Der Hamburger Senat hat ein Problem. Fünf Jahre sind vergangen, seit die muslimischen Religionsgemeinschaften im November 2012 durch einen Staatsvertrag zu offiziellen Partnern der Politik wurden.
Bis heute kommen Abgeordnete und Senatoren nicht umhin, fortwährend zu betonen, Muslime bildeten einen bedeutenden Teil der Bevölkerung und ihr Glaube sei ein fester Bestandteil des religiösen Lebens in Hamburg. Mit diesem ostentativen Bekenntnis verfolgt der Senat zwei Ziele.
Das Kalkül der Politik
Einerseits sollen Moscheevereine, die man seit dem 11. September 2001 aus der Abgeschiedenheit der Hinterhöfe holen will, zur Solidarität mit der Mehrheitsgesellschaft verpflichtet werden; andererseits möchte die Politik die schlechte Reputation des Islam verbessern – gut integrierte Muslime, deren Gemeinden einen festen Platz in der Gesellschaft haben, könnten der durch Salafismus und Anschläge konsternierten Bevölkerung am besten zeigen, dass das Imageproblem ihrer Religion unbegründet ist.

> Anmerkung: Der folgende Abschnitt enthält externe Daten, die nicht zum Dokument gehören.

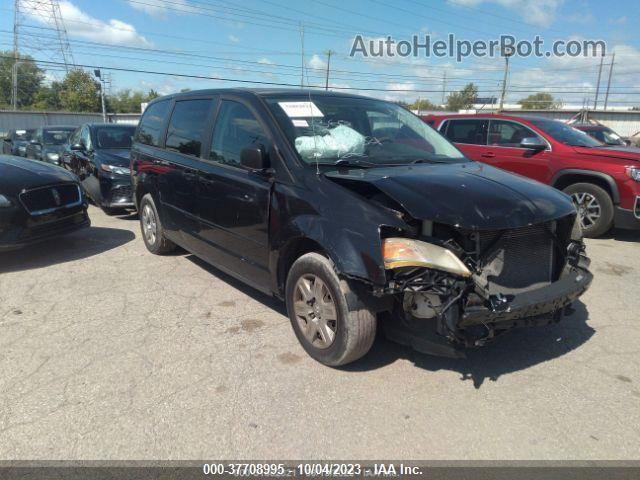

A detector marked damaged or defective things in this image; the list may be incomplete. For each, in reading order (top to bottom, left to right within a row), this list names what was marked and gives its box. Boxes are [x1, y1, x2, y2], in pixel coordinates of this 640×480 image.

crumpled hood [0, 156, 77, 197]
crumpled hood [95, 149, 131, 168]
crumpled hood [324, 161, 576, 231]
crumpled hood [572, 145, 640, 162]
exposed headlight assembly [382, 237, 472, 278]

Was in der Theorie plausibel klingt, hat sich in der Realität als Illusion erwiesen. Die politische Integration der Islam-Verbände, die durch den Staatsvertrag erstmals verbindliche Form gewann, hat zwar zu einer Aufwertung von deren Status gegenüber dem Staat geführt, die erhoffte Annäherung der Muslime an die nichtislamische Mehrheitsgesellschaft hat jedoch nicht stattgefunden.

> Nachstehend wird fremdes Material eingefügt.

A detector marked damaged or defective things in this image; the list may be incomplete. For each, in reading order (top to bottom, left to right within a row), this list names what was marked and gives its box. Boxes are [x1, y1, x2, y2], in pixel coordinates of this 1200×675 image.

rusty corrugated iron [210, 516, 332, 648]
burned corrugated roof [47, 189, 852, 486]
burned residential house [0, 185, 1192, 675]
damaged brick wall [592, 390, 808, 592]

Vielmehr lässt sich eine gegenläufige Tendenz feststellen, die durch den Unwillen des Senats verschärft wird, schwerwiegende Verfehlungen der Islam-Verbände mit Sanktionen zu ahnden.

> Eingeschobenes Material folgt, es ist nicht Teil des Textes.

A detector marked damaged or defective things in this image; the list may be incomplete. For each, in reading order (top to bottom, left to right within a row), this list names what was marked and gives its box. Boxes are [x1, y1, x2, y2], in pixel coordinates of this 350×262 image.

Das Islamische Zentrum Hamburg (IZH)
Dies gilt etwa für das IZH. Durch ihre Mitgliedschaft im Trägerverband SCHURA profitiert die schiitische Gemeinschaft von den Bestimmungen des Staatsvertrags. Zu diesen zählt etwa das Recht, an islamischen Feiertagen der Arbeit fernzubleiben, eine Stellungnahme zur Berufung von Lehrpersonal an Hochschulen abzugeben, Halal-Speisen in öffentlichen Kantinen zu erhalten, die Erteilung eines besonderen islamischen Religionsunterrichts zu verlangen, Mitglieder in die Rundfunkräte zu entsenden und Moscheen zu bauen.
Paradoxerweise zielt die Gewährung dieser Rechte, in denen der Staat sein Einverständnis zur Islamisierung einzelner Teilbereiche der Gesellschaft verbrieft hat, darauf ab, die zivilgesellschaftliche Integration der Muslime zu fördern. Diese Inkohärenz sticht ins Auge, ist allerdings nicht der einzige Makel, der die Islam-Politik des Senats kennzeichnet.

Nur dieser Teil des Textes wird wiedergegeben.